*** Opening of PROVIDED ENTRIES ***

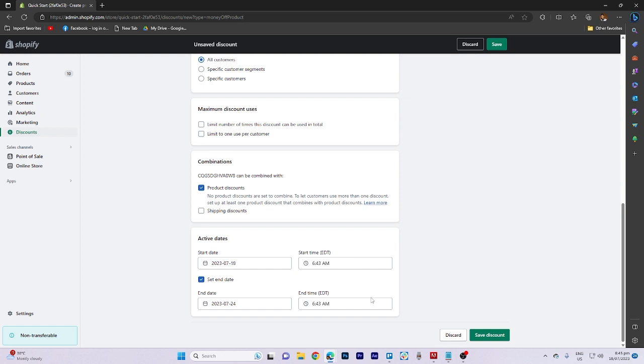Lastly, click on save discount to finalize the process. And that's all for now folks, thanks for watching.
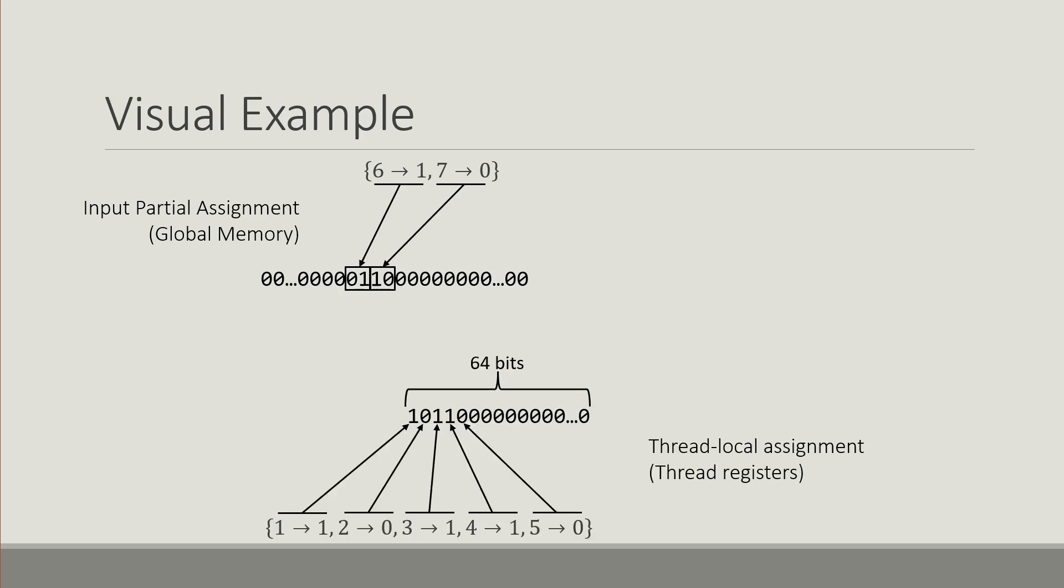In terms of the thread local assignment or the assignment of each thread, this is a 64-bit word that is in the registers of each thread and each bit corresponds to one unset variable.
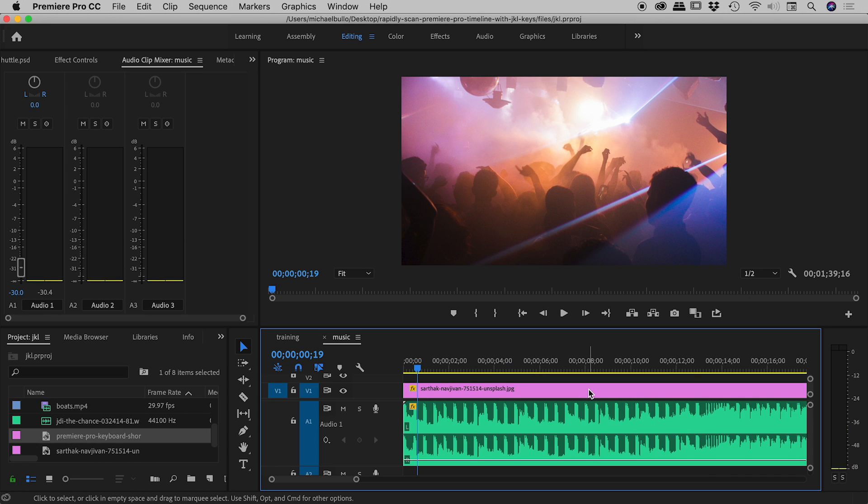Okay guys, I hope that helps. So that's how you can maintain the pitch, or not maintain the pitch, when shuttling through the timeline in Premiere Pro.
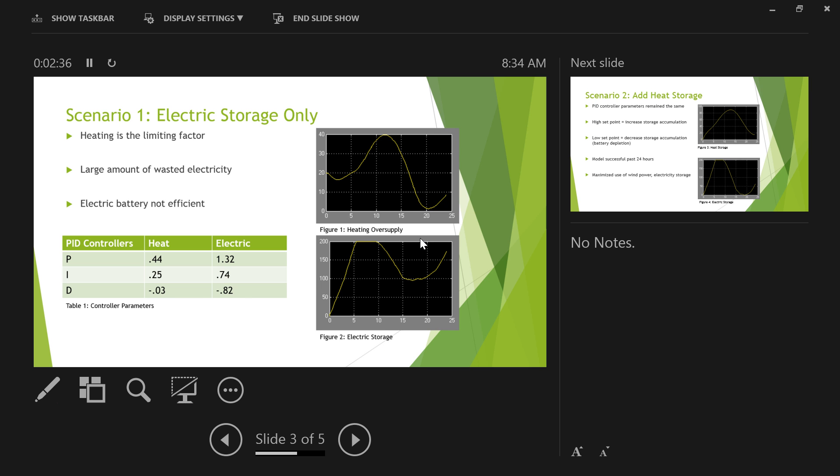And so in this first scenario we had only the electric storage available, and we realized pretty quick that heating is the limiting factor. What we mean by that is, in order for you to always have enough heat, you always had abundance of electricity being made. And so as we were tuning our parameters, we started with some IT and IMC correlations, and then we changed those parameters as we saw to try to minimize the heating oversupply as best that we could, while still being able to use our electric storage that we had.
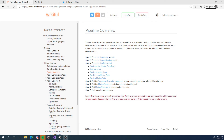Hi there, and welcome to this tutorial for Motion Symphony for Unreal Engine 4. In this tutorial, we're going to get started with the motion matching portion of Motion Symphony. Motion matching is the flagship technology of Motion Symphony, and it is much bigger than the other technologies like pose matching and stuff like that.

*** Close of PROVIDED ENTRIES ***
*** Opening of PROVIDED ENTRIES ***

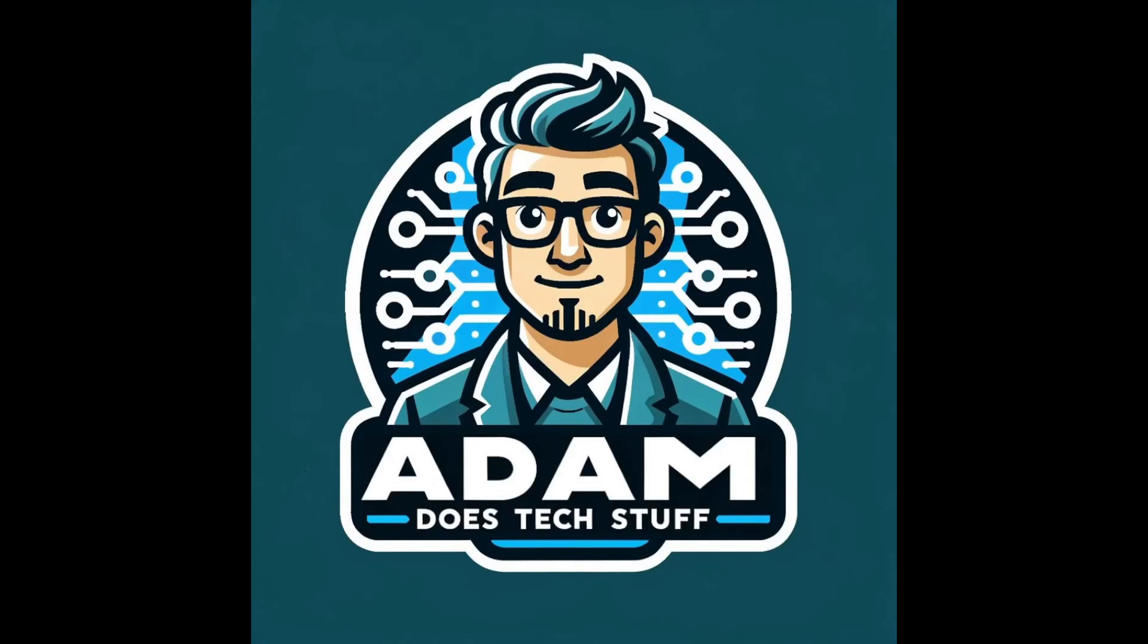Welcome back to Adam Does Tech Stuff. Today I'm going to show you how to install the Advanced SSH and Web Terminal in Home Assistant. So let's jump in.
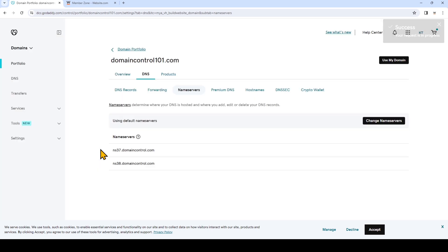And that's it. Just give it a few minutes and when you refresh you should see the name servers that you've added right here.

*** Close of PROVIDED ENTRIES ***

• **TASK**: Find the line with "In terms of" and the line with "And so in this" in the records above. Copy both and all lines between them exactly, without pictures.

• **RESPONSE TO THE TASK**:
In terms of the thread local assignment or the assignment of each thread, this is a 64-bit word that is in the registers of each thread and each bit corresponds to one unset variable.
Okay guys, I hope that helps. So that's how you can maintain the pitch, or not maintain the pitch, when shuttling through the timeline in Premiere Pro.
And so in this first scenario we had only the electric storage available, and we realized pretty quick that heating is the limiting factor. What we mean by that is, in order for you to always have enough heat, you always had abundance of electricity being made. And so as we were tuning our parameters, we started with some IT and IMC correlations, and then we changed those parameters as we saw to try to minimize the heating oversupply as best that we could, while still being able to use our electric storage that we had.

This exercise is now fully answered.